Communication is truly an important skill. However something that I’ve noticed is that sometimes we pay more attention to the words that we speak, and not so much attention to the words that we type….which is also a form of communication.
What you say via email, text, or any sort of internal communication platform you might be using in the office as well as how you say it, should be given the same amount of importance as the words you speak.
Failure to pay close attention to your written word could hamper your abilities to connect, build trust, and to be heard by those you are trying to communicate with.
Number one, emails are basically like legal documents. Number two, emails are a direct reflection of you and your professionalism. Number three, emails are an extremely important part when it comes to internal and external communication. So this is why you want to be on point when it comes to your email etiquette.
Now let’s get into the tips!
You know, as a leader, you have to really consider what’s appropriate and what’s inappropriate for you to be doing. For example, using “hey so and so” might not necessarily be the most professional way to address somebody. Although I do understand that sometimes you have a really close colleague or coworker. But generally speaking, you want to be using professional language when starting your emails such as hello or dear. The other thing I’ll say, which is actually more of an issue is that a lot of people will send emails just using the person’s first name. This can be very direct and even harmful. You don’t want the person on the receiving end to perceive you as being an unpleasant person. So it’s better for you to use the greetings. That’s what they’re there for. Here’s the thing about email, it is so often left to another person’s interpretation that it’s just far better for you to be on the safe side of things.
As someone that has been deeply entrenched in the customer service world. I really know how tone can make a world of a difference. Email is one of the worst places for you to pick up on certain cues. Which is why you really want to think about what you’re sending and how it’s going to be perceived by the other person. Aim to put yourself in that person’s shoes and think about whether or not what you are saying accurately portrays who you are. So you just want to do that double check with yourself. And put yourself in that person’s shoes. If you do have any doubt, then it’s a good idea to just ask a colleague. Pull a team member over and simply ask them to check the tone of the email to make sure that you are getting your point across in a respectful and dignified manner.
I think we’ve all been in that situation before where we’re involved in a fury of emails and things are getting heated. It is far better to just walk away from it and then come back when you’re in a more calm state of mind. As a side note, generally speaking, if you do have something important to say email probably isn’t the best place for you to be saying it anyways. It’s probably better for you to schedule time, to sit with that person and talk to them face to face or on the phone so that you can hear the words and how they are saying what they are saying.

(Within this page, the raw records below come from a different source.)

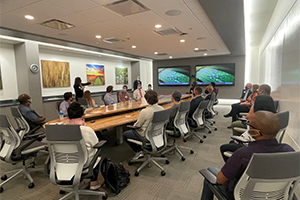 People sitting in meeting room looking at presenter
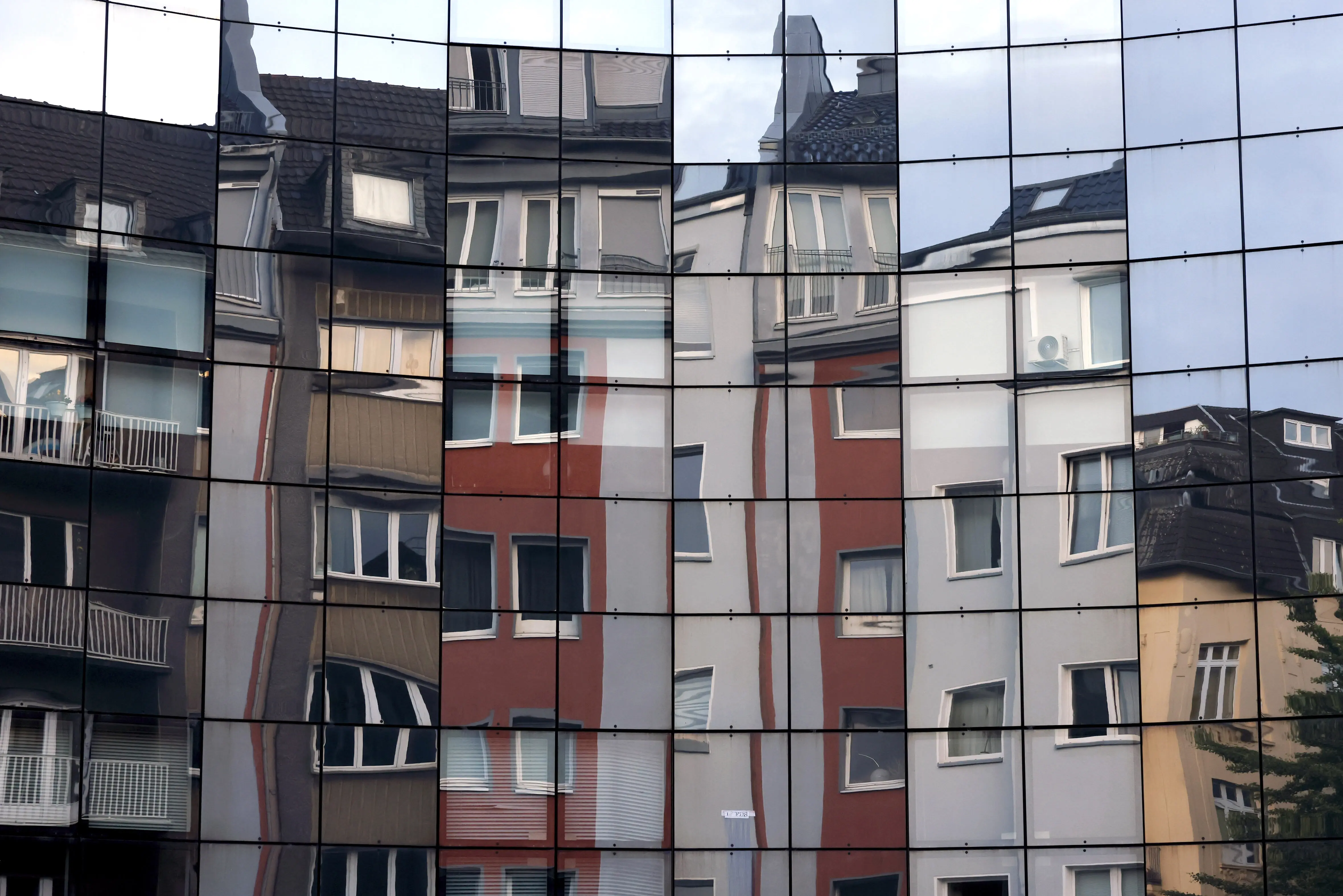 Häuser spiegeln sich in einer Fassade in der Kölner Innenstadt
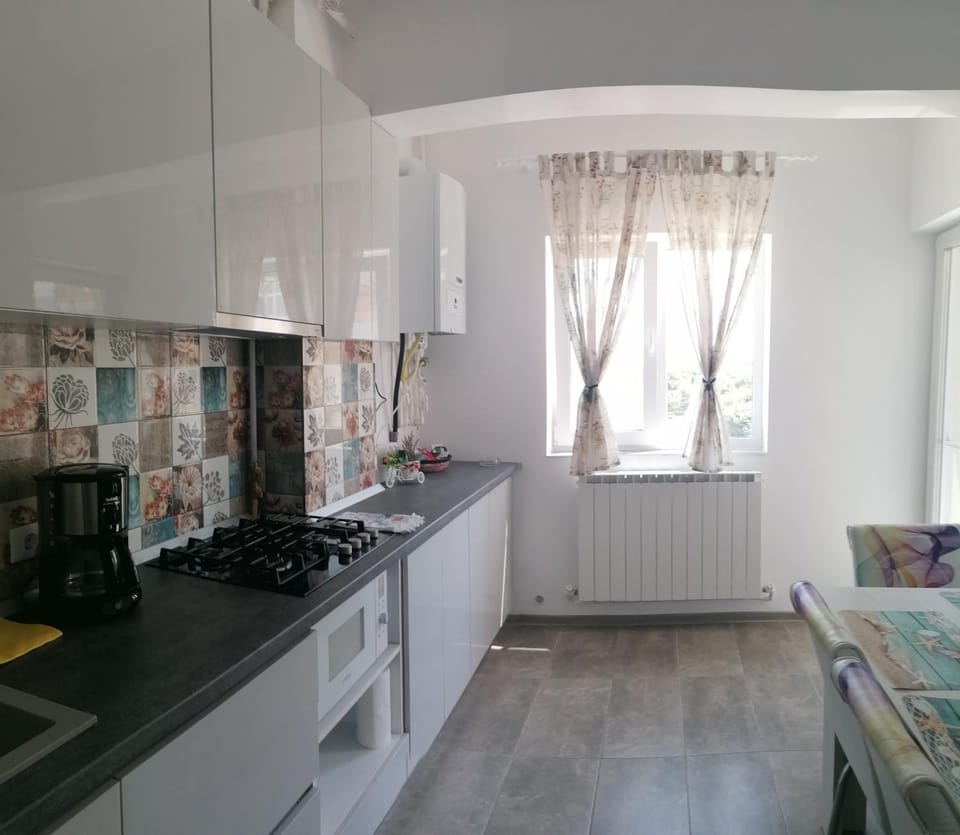 Kitchen or kitchenette, stove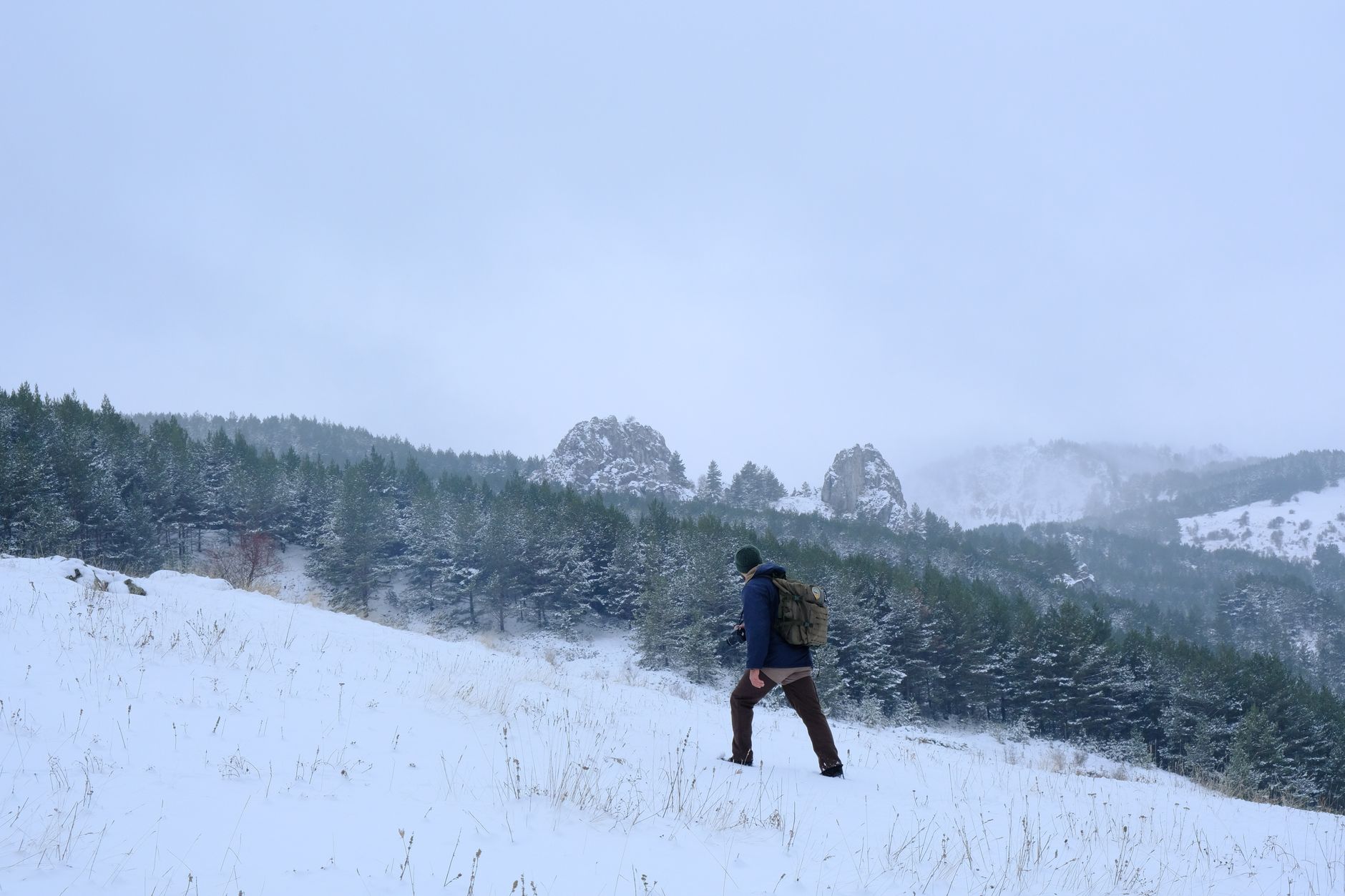 hiker walking mountain wilderness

It’s amazing to me how many people don’t take the extra moment to just glance over what they’re about to send before sending it. What you want to do is take a second to check things such as your spelling, your grammar, that you are sending it to the right person and that the tone is right. Then you want to hit the send button.
Have you ever received an email that was like 27 pages long? I know I have. And you know what I did with an email like that? I skipped to the bottom to figure out what is it here that I need to know. And I mean I feel bad because obviously that person put a lot of effort into drafting that email but the truth is who has time for that? There’s other things to do! So here’s my point, you want to make sure that you’re getting straight to the point. Keep it simple and make it as scrollable as possible because in today’s day and age, attention spans are really not that long.
And if you want what you have to say to be received, then should put the important parts at the top. Anything that supports those important points in the middle and extra thoughts at the end.
It’s been said that emails that are written at a third grade level are actually more optimal for reading as well as for response. Now, I’m not saying that you have to take like all your emails and write it out in like third grade level form. But the principle does apply in the sense that you want to make it as simple as possible. So use simple and understandable language so that your message is received.